## Work order:
Find the line containing "Raw Salisbury Steak" in the entries below. Restate it and each line after it, word for word, up to and including the line containing "Morning sun strikes".

Records from a data source:
- Opening Delimiter -

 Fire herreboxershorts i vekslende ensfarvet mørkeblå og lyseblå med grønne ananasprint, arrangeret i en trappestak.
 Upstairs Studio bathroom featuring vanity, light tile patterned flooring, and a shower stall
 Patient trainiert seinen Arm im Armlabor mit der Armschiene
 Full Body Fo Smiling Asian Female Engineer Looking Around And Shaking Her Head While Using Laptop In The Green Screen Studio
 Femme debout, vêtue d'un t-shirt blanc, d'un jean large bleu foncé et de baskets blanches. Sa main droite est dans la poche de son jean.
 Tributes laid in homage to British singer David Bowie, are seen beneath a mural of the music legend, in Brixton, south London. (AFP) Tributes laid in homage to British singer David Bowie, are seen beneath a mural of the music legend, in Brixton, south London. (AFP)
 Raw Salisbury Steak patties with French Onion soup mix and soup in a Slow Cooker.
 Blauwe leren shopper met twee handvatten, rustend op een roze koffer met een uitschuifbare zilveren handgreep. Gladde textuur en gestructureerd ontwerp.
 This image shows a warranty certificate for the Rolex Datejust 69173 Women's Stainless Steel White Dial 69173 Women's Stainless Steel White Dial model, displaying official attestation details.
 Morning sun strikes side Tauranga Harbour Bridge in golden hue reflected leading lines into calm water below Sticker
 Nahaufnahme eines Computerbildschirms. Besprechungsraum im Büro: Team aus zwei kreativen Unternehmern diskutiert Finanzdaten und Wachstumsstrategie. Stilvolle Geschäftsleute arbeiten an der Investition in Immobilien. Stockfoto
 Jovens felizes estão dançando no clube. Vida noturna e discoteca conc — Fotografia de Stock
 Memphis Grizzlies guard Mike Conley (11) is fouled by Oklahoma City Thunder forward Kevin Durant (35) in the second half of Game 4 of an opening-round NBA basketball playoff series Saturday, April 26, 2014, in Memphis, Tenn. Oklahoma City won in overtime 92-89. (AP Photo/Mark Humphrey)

- Closing Delimiter -

## Output for this task:
 Raw Salisbury Steak patties with French Onion soup mix and soup in a Slow Cooker.
 Blauwe leren shopper met twee handvatten, rustend op een roze koffer met een uitschuifbare zilveren handgreep. Gladde textuur en gestructureerd ontwerp.
 This image shows a warranty certificate for the Rolex Datejust 69173 Women's Stainless Steel White Dial 69173 Women's Stainless Steel White Dial model, displaying official attestation details.
 Morning sun strikes side Tauranga Harbour Bridge in golden hue reflected leading lines into calm water below Sticker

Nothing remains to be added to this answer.